• **Problem details**:
Strip out all images, then restate the data verbatim.

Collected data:
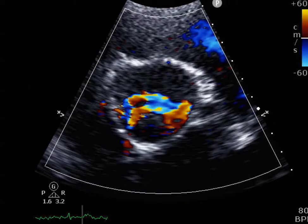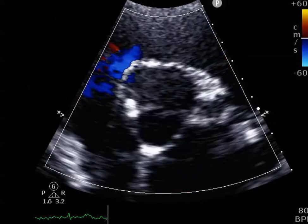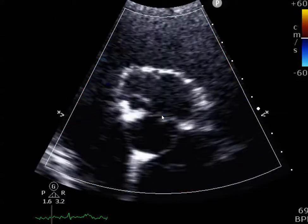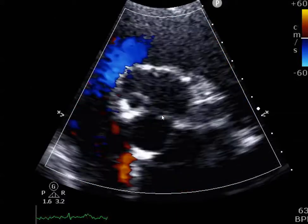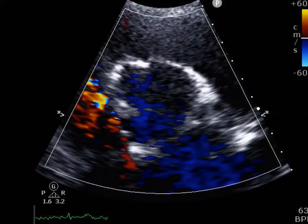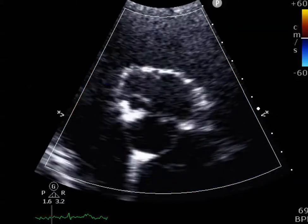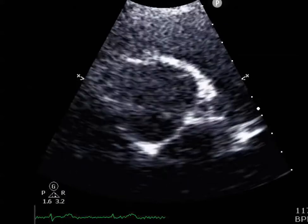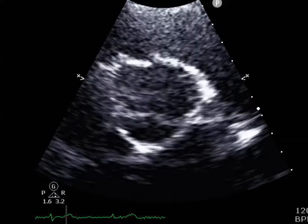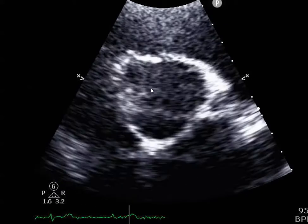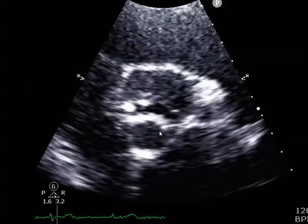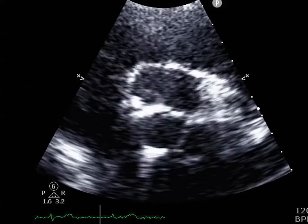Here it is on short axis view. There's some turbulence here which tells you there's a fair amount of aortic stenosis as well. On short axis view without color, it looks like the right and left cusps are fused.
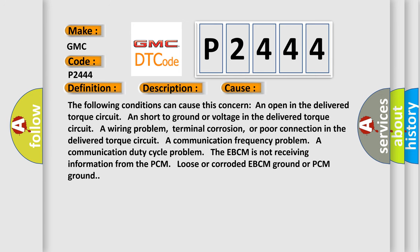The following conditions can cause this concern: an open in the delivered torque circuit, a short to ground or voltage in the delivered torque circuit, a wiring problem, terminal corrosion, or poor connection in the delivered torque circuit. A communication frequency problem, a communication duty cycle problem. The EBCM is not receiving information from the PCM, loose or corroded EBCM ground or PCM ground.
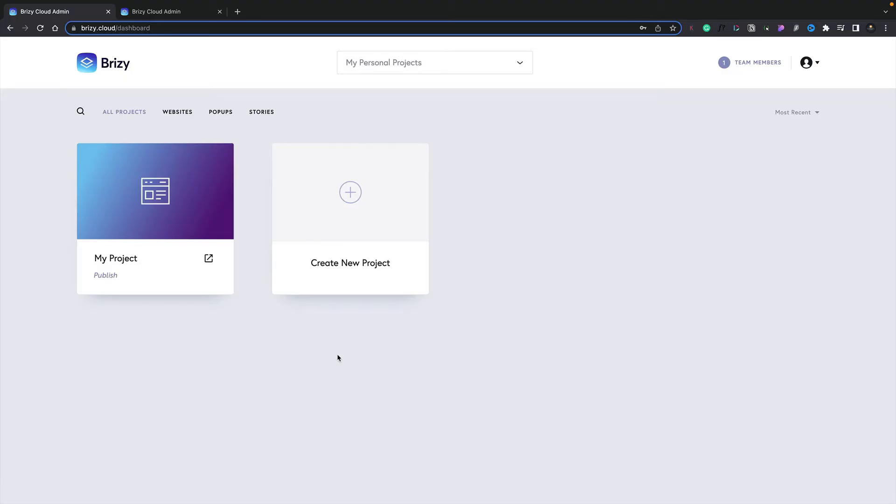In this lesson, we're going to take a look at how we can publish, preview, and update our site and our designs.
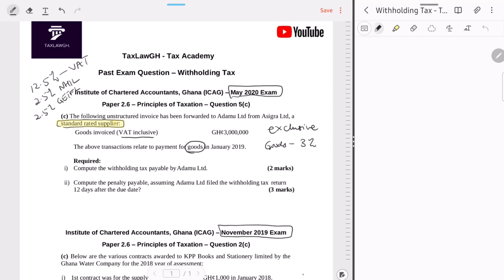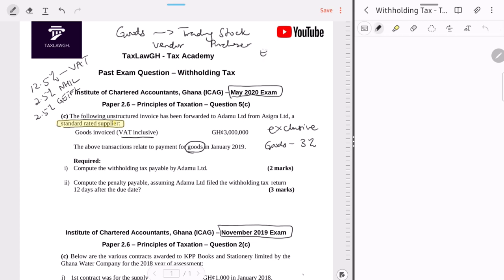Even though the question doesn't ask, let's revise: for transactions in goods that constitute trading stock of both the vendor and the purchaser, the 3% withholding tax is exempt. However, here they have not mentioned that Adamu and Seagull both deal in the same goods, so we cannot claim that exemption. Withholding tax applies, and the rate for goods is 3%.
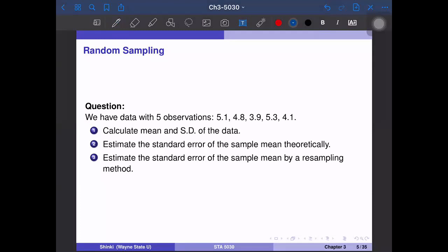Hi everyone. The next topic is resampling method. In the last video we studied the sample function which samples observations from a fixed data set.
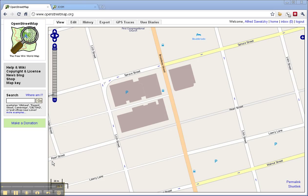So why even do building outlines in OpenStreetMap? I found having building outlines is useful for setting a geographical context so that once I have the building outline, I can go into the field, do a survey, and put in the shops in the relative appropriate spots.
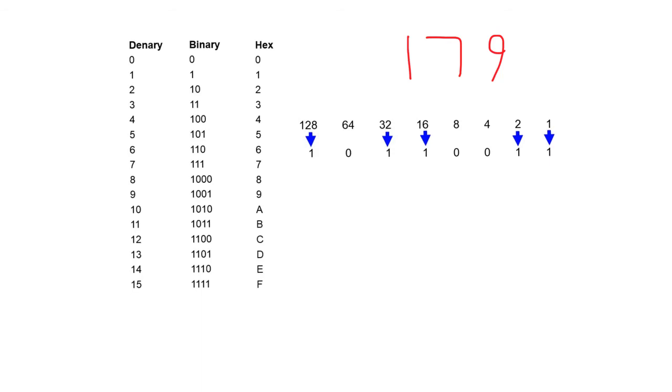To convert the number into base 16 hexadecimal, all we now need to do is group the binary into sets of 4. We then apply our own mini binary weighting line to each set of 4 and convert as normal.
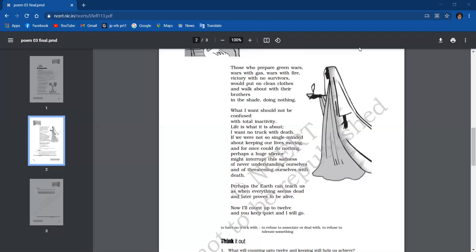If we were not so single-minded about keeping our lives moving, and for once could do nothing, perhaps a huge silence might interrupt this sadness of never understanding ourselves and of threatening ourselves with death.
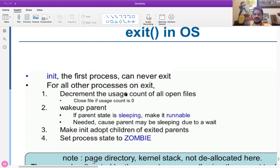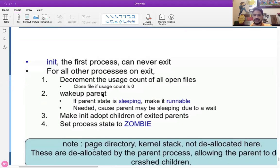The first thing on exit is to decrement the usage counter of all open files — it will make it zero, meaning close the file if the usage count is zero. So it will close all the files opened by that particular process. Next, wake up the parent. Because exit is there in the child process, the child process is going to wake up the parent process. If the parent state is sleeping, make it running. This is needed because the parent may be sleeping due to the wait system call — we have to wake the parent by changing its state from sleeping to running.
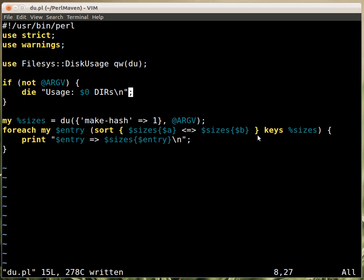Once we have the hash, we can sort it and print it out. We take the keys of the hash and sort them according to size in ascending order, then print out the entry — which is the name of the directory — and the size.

• **Output of the exercise**:
Here it is on short axis view. There's some turbulence here which tells you there's a fair amount of aortic stenosis as well. On short axis view without color, it looks like the right and left cusps are fused.
The following conditions can cause this concern: an open in the delivered torque circuit, a short to ground or voltage in the delivered torque circuit, a wiring problem, terminal corrosion, or poor connection in the delivered torque circuit. A communication frequency problem, a communication duty cycle problem. The EBCM is not receiving information from the PCM, loose or corroded EBCM ground or PCM ground.
In this lesson, we're going to take a look at how we can publish, preview, and update our site and our designs.
Even though the question doesn't ask, let's revise: for transactions in goods that constitute trading stock of both the vendor and the purchaser, the 3% withholding tax is exempt. However, here they have not mentioned that Adamu and Seagull both deal in the same goods, so we cannot claim that exemption. Withholding tax applies, and the rate for goods is 3%.
Hi everyone. The next topic is resampling method. In the last video we studied the sample function which samples observations from a fixed data set.
So why even do building outlines in OpenStreetMap? I found having building outlines is useful for setting a geographical context so that once I have the building outline, I can go into the field, do a survey, and put in the shops in the relative appropriate spots.
To convert the number into base 16 hexadecimal, all we now need to do is group the binary into sets of 4. We then apply our own mini binary weighting line to each set of 4 and convert as normal.
If we were not so single-minded about keeping our lives moving, and for once could do nothing, perhaps a huge silence might interrupt this sadness of never understanding ourselves and of threatening ourselves with death.
The first thing on exit is to decrement the usage counter of all open files — it will make it zero, meaning close the file if the usage count is zero. So it will close all the files opened by that particular process. Next, wake up the parent. Because exit is there in the child process, the child process is going to wake up the parent process. If the parent state is sleeping, make it running. This is needed because the parent may be sleeping due to the wait system call — we have to wake the parent by changing its state from sleeping to running.
Once we have the hash, we can sort it and print it out. We take the keys of the hash and sort them according to size in ascending order, then print out the entry — which is the name of the directory — and the size.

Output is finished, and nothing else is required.